Villeneuve vince questa sfida perché porta al cinema un film complesso, sussurrato e raramente gridato, frammentato nella trama che si snoda tra tradimenti, complotti e le visioni di Paul. Queste ultime appaiono svincolate da tempo e spazio, appositamente filmate per generare confusione e spaesamento nello spettatore, attraverso una mano tecnica eccezionale che non lascia mai nulla al caso.

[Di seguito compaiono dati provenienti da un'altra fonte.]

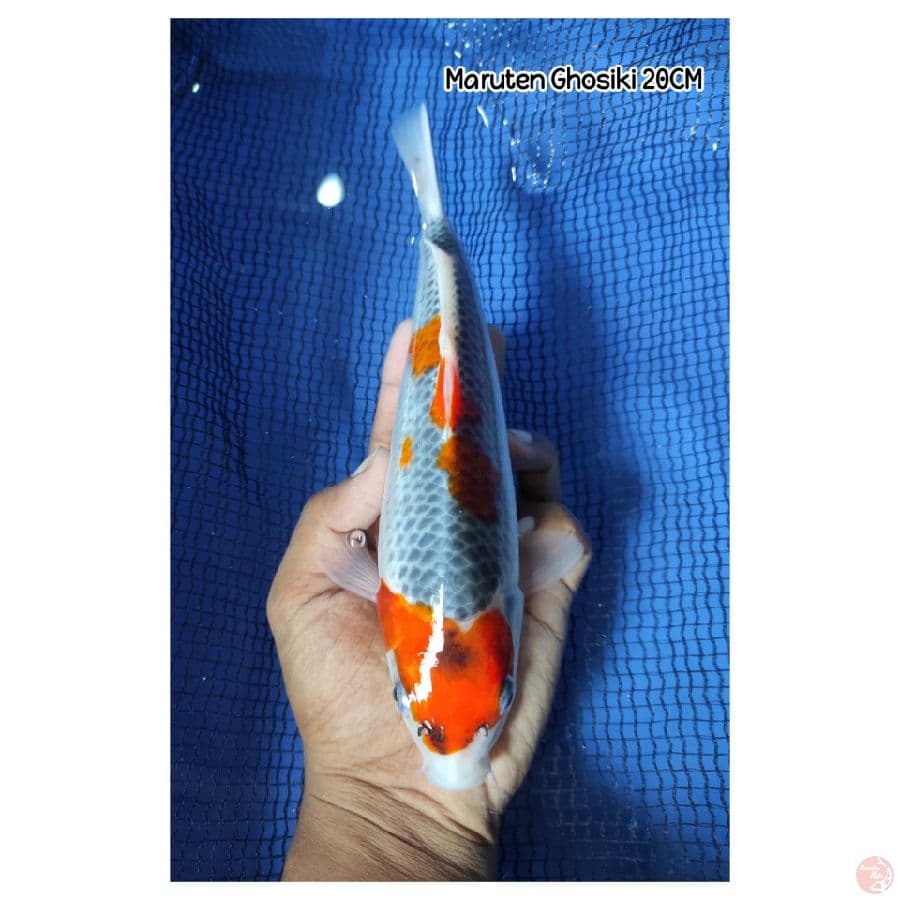 Maruten Ghosiki 20CM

Pur con queste prerogative, il suo Dune è anche appetibile per il grande pubblico proprio grazie all’incredibile mondo visionario generato dal team di scenografi ed effettisti, all’universalità della trama che mette in gioco l’ennesimo Messia dedito alla scoperta di sé stesso, e al fatto che si sta parlando di una delle maggiori opere di fantascienza di sempre, ora finalmente sbarcata al cinema al meglio delle sue possibilità. Chapeau al regista canadese: in attesa di continuare la saga possiamo gustarci questo primo capitolo più e più volte.

Alessandro Leoni

 

 

Alessandro Leoni

Sono nato a Faenza nel 1993. Mi sono diplomato presso l’istituto tecnico agrario “G. Scarabelli” a Imola, e al momento studio Tecnologie Alimentari presso l’Università di Bologna – Sede di Cesena. Sono attore nella compagnia teatrale “Amici dell’Europa” da circa una decina d’anni nell’ambito prosa; ho fatto esperienza anche nell’operetta e nel musical collaborando, tra gli altri, con la “Compagnia del Cancello”. Nel tempo libero mi interesso di cinema, di cui sono molto appassionato, e pratico kung fu.